«Stop Folter» in Nigeria Moses Akatugba wird freigelassen!

1. Juni 2015
Nach seiner Begnadigung bedankt sich Moses Akatugba bei den Amnesty-AktivistInnen, die sich in der Kampagne gegen Folter für ihn eingesetzt haben.

Moses Akatugba © HURSDEF Nach seiner Begnadigung bedankt sich Moses Akatugba bei den Amnesty-AktivistInnen, die sich in der Kampagne gegen Folter für ihn eingesetzt haben.
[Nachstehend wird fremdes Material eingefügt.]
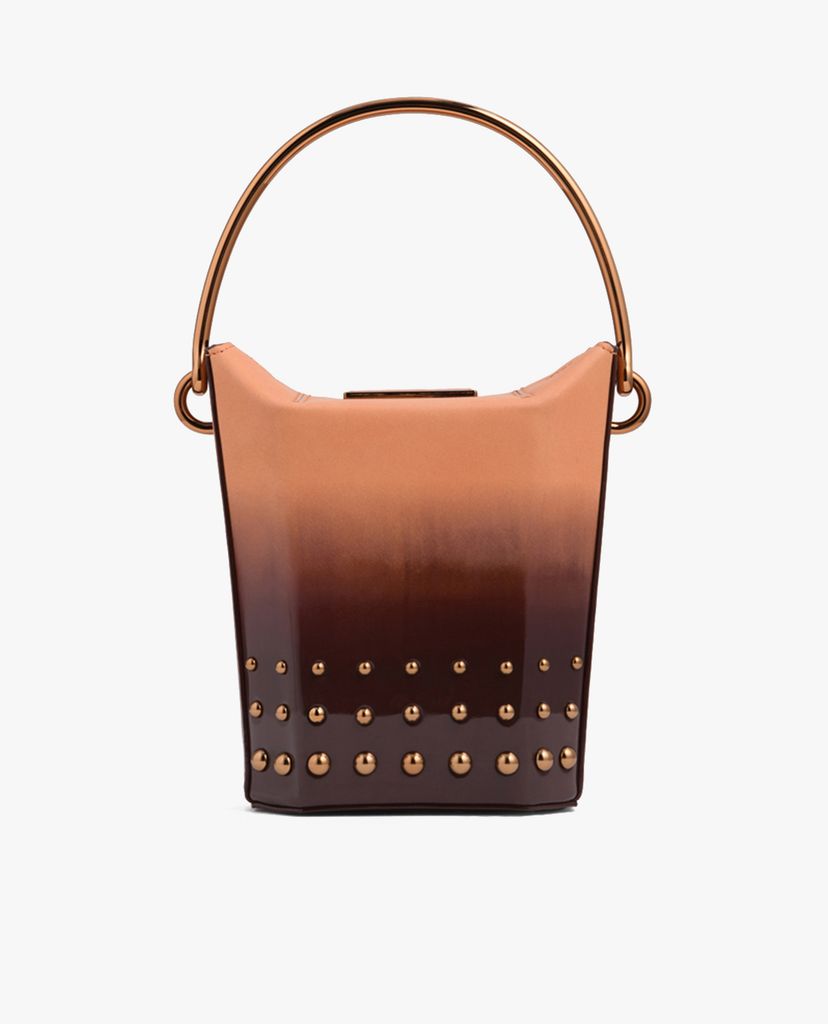 PEDRO - Túi xách tay hình thang Stud Embellished Bucket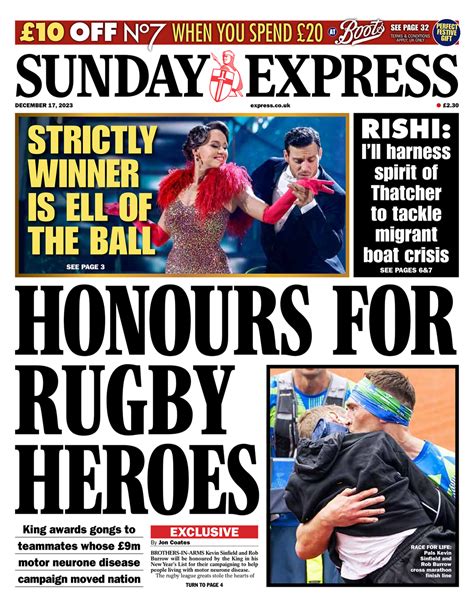 Sunday Express Front Page 17th Of December 2023 Tomorrow S Papers Today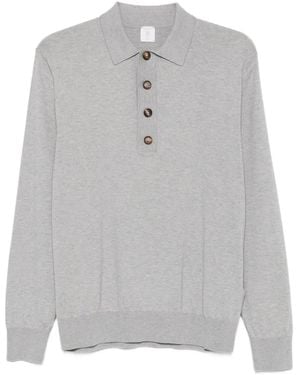 Eleventy Polo De Manga Larga - Gris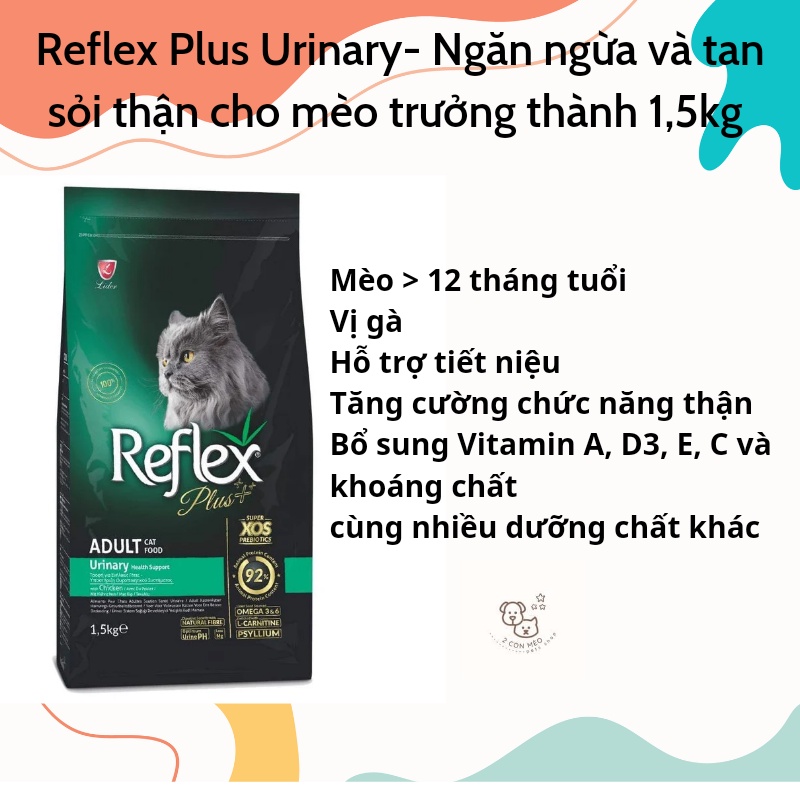 Thức ăn cho mèo Hạt Reflex Plus Urinary hỗ trợ thận cho mèo tiết niệu - 2 Con Mèo Petshop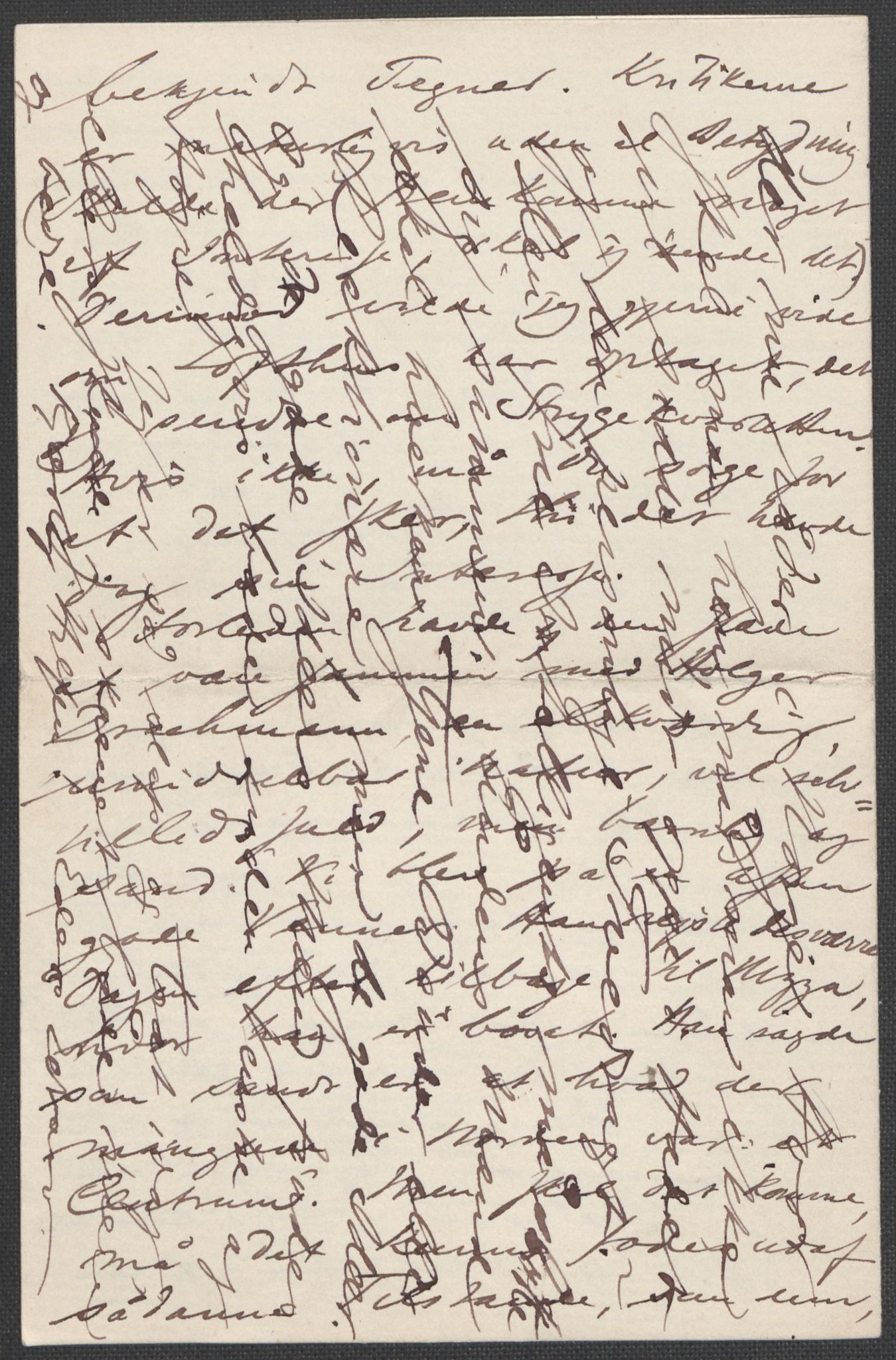 Beyer, Frants, RA/PA-0132/F/L0001: Brev fra Edvard Grieg til Frantz Beyer og "En del optegnelser som kan tjene til kommentar til brevene" av Marie Beyer, 1872-1907, s. 103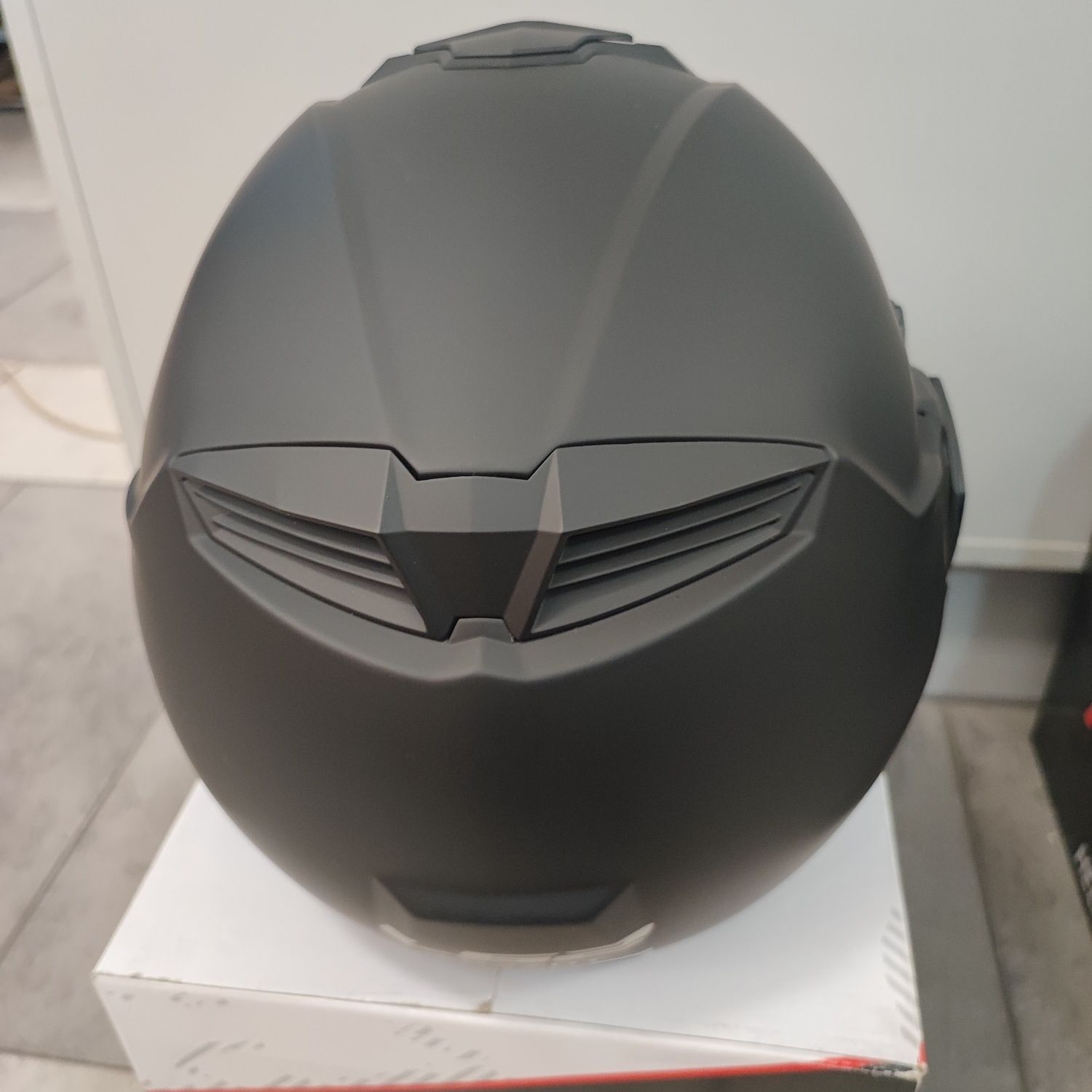 Kask motocyklowy szczękowy LS2 FF906 Advant czarny mat modułowy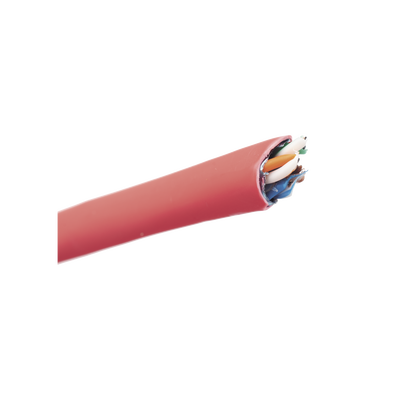 Bobina de Cable UTP de 4 Pares, Vari-MaTriX, Cat6A, 23 AWG, LSZH (Libre de Gases Tóxicos), Color Rojo, 305 Metros (1000 Pies) - Image 4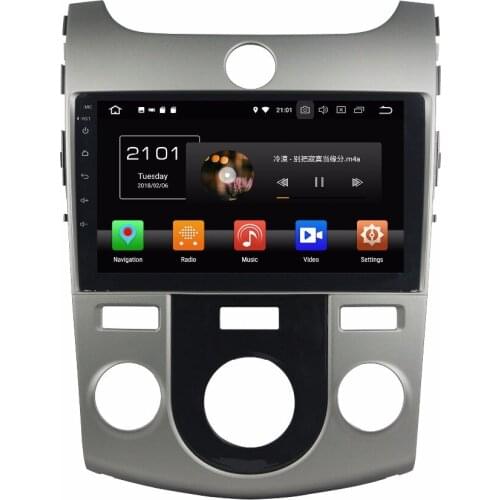 9" 1 Din 8 Core Android 9.0 Car Multimedia Player For KIA CERATO FORTE 2008-2012 MT Car Radio Without DVD Audio PX5 Stereo DSP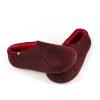 Women's house slippers DUAL Black red by Wooppers -g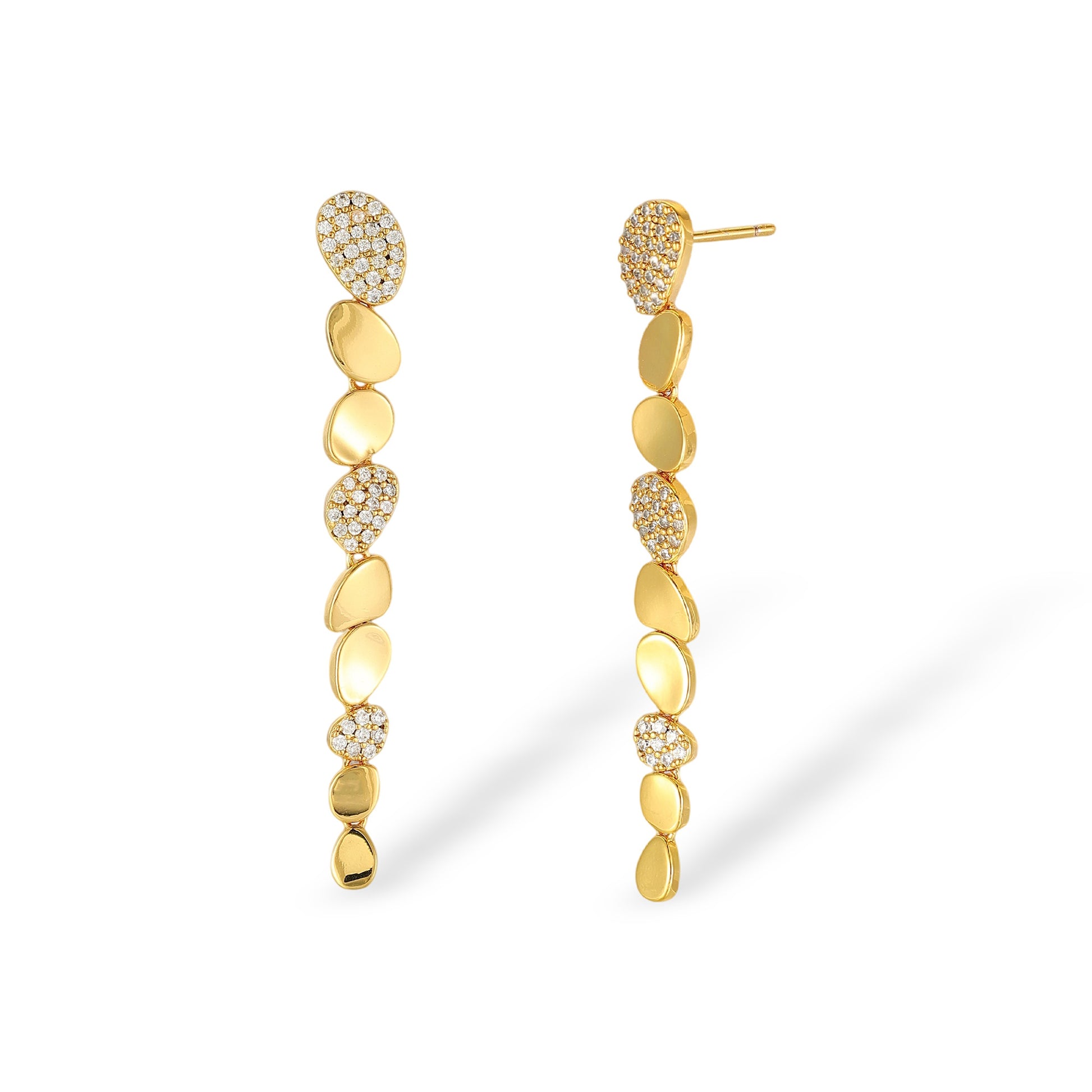 Hedlinde 18K Gold Irregular Pebble Drop Earrings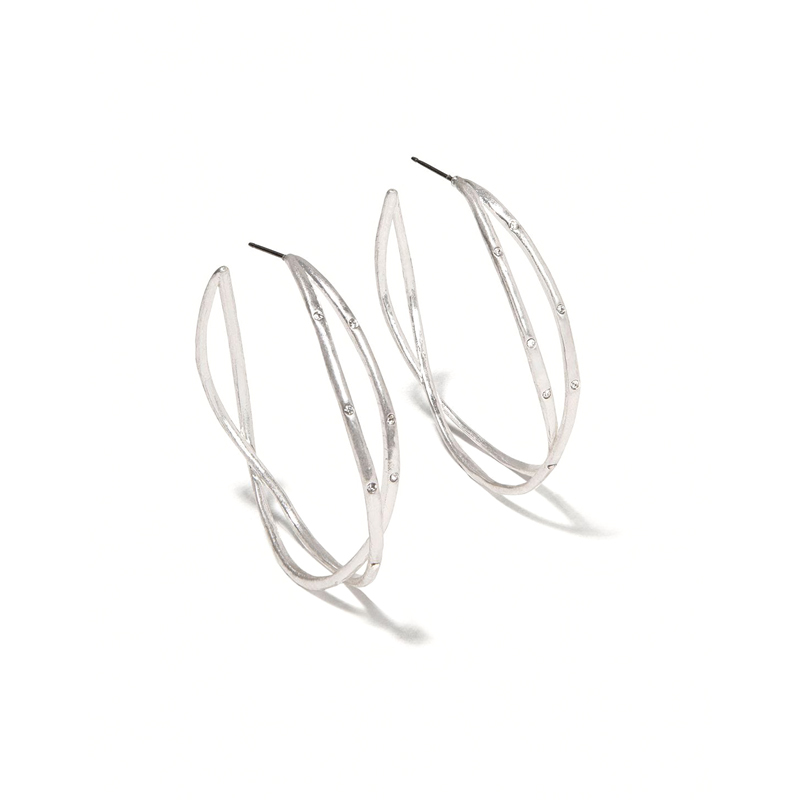 Anna Hoop Earrings Pearl - Spartina main image 1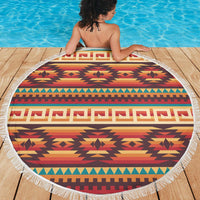 Ethnic Pattern Native American Beach Blanket LT10 - Wonder Print Shop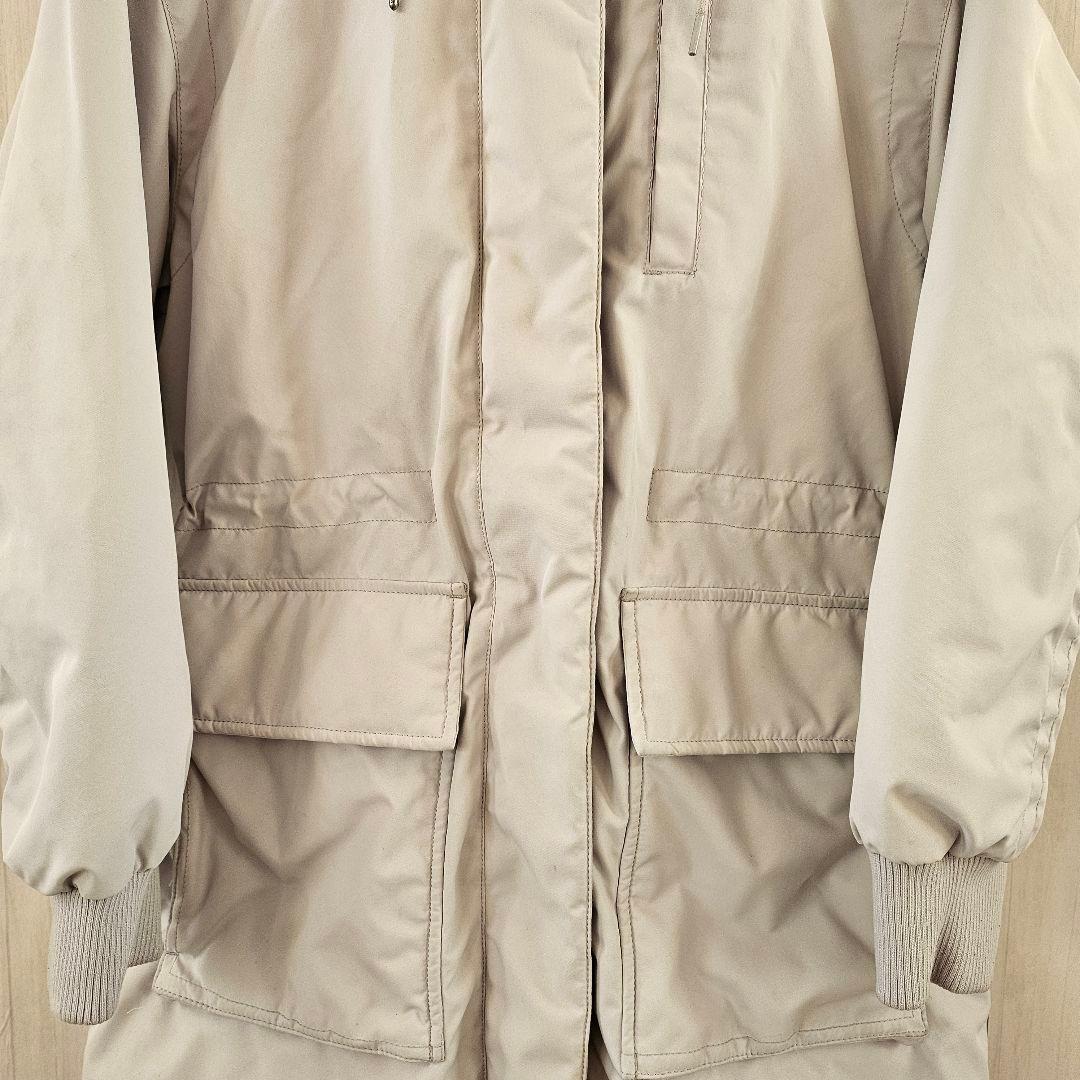 【超希少】ノースフェイス ロング ダウンジャケット ファー付き アイスグレー S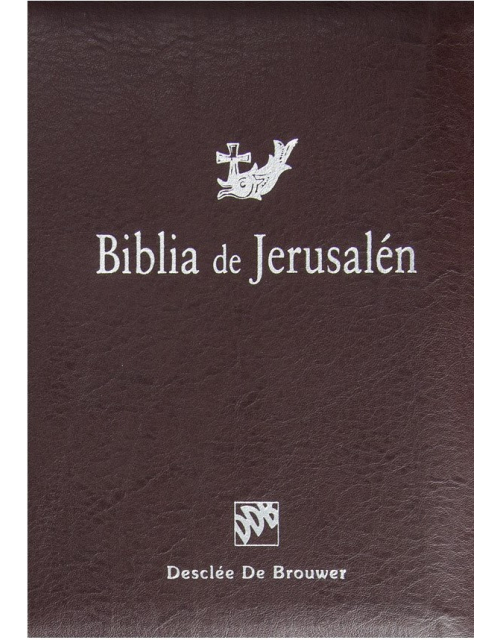 Biblia de Jerusalén modelo bolsillo con cremallera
Der Gouverneur des Bundesstaates Delta, Emmanuel Uduaghan, hat Moses Akatugba Ende Mai begnadigt angesichts des öffentlichen Drucks, den Amnesty International aufgebaut hatte: «Ich habe Moses Akatugba begnadigt und die Anordnung für seine Entlassung aus der Haft unterzeichnet. Es handelt sich hierbei um den jungen Mann, der mit 16 Jahren zum Tode verurteilt wurde. Sein Fall hat in den sozialen Medien grosse Beachtung gefunden und Amnesty International ist auch eingeschritten.»

Moses Akatugba wird in den nächsten Tagen freigelassen. Sein jahrelanges Martyrium ist nun endlich vorbei.

Amnesty International setzte sich seit Juni 2014 im Rahmen der weltweiten Kampagne «Stop Folter» und des Amnesty-Briefmarathons im Dezember 2014 für Moses Akatugba ein. Allein in der Schweiz sammelte Amnesty weit über 40.000 Unterschriften und Briefe für ihn.

Moses Akatugba bedankt sich bei Amnesty

«Ich bin überwältigt. Ich danke Amnesty International und den Aktivistinnen und Aktivisten für die grosse Unterstützung, die mir geholfen hat, aus dieser Situation gestärkt hervorzugehen. In meinen Augen sind die Aktivistinnen und Aktivisten von Amnesty International Heldinnen und Helden. Ich verspreche, dass ich mich für die Menschenrechte einsetzen und anderen helfen werde.»

Im November 2005 war Moses Akatugba als gerade einmal 16-Jähriger von der nigerianischen Armee festgenommen worden, weil er angeblich drei Handys gestohlen haben soll. Im Gefängnis zwangen ihn Soldaten unter massiver Folter dazu, falsche Geständnisse zu unterschreiben. Im November 2013 wurde Moses Akatugba dann zum Tode verurteilt. Dank des Einsatzes von Amnesty International kann er bald wieder ein neues Leben beginnen.

Der Fall von Moses Akatugba zeigt, wie viel möglich ist, wenn sich Menschen weltweit zusammenschliessen.